++++ DATA RECORDS ++++
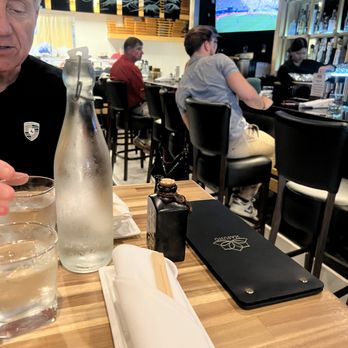 Hasuno  - inside - Sushi Bars Near Me - Indianapolis, Indiana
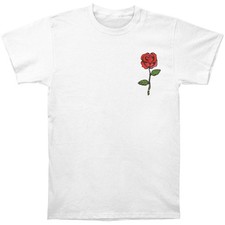 Men's ASAP Yams Red Rose Tee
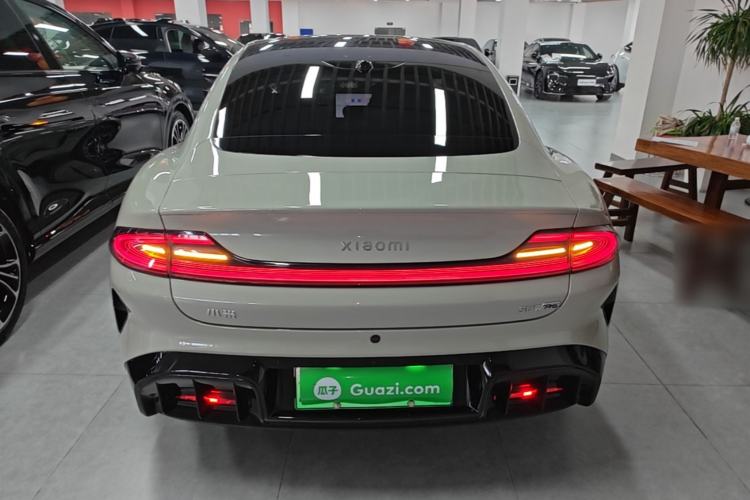 Used Xiaomi Auto SU7 2026 Model Pro Rear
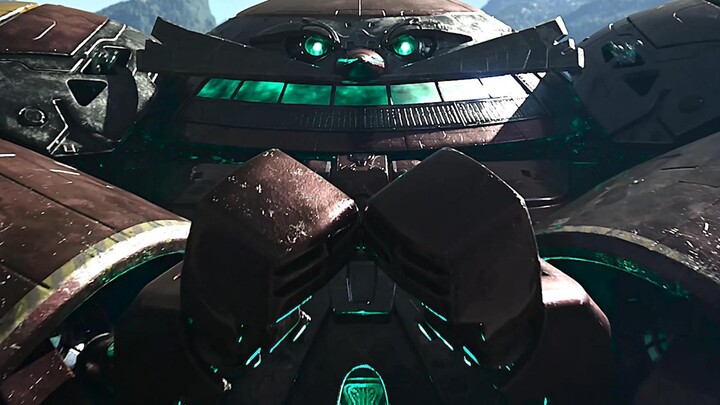 Ini sudah bukan lagi baju besi anti-Hulk, melainkan benar-benar baju besi anti-manusia!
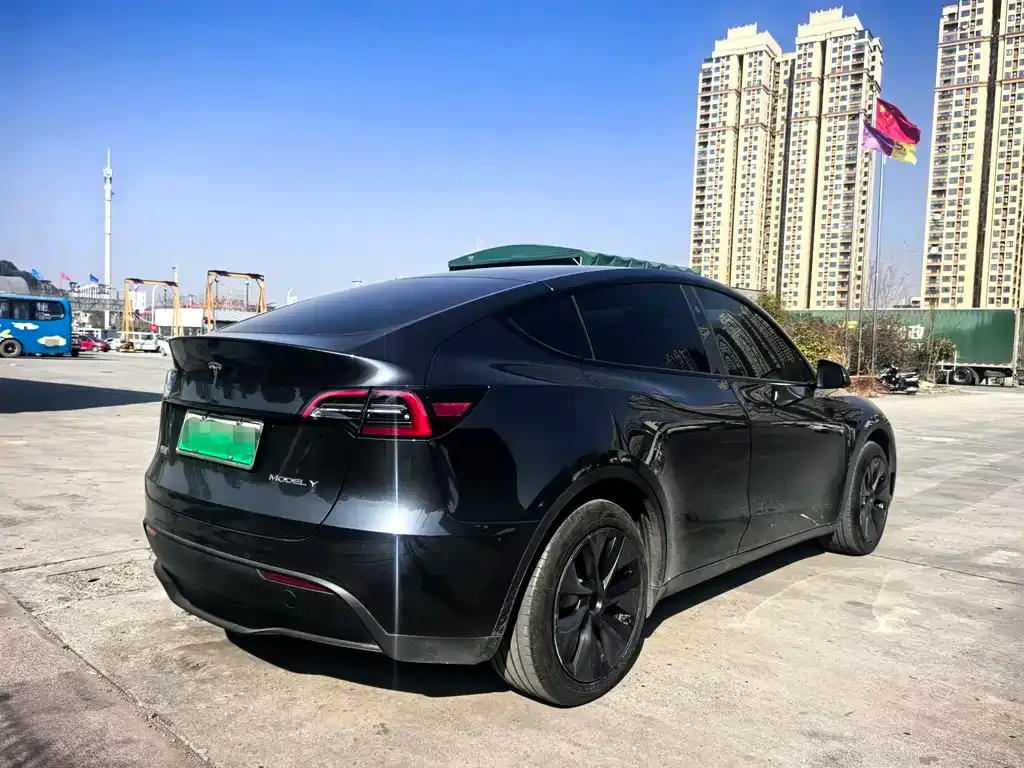 Tesla Model Y — фото 5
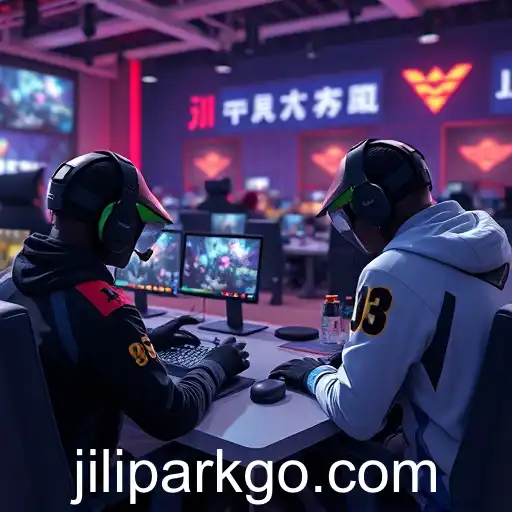 The Rise of Jilipark in the Gaming World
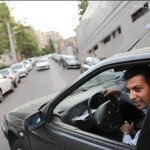 عادل فردوسی پور چه ماشينى سوار ميشود؟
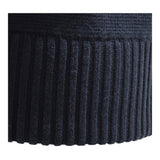Musto Milano 1/2 Zip Neck Knit - True Navy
++++
* WHAT YOU WILL DO: Beginning with the line in which "Men's ASAP Yams Red Rose Tee" appears, repeat exactly each line down to the close of the material, leaving every picture out.

* EXERCISE SOLUTION:
 Men's ASAP Yams Red Rose Tee
 Used Xiaomi Auto SU7 2026 Model Pro Rear
 Ini sudah bukan lagi baju besi anti-Hulk, melainkan benar-benar baju besi anti-manusia!
 Tesla Model Y — фото 5
 The Rise of Jilipark in the Gaming World
 عادل فردوسی پور چه ماشينى سوار ميشود؟
Musto Milano 1/2 Zip Neck Knit - True Navy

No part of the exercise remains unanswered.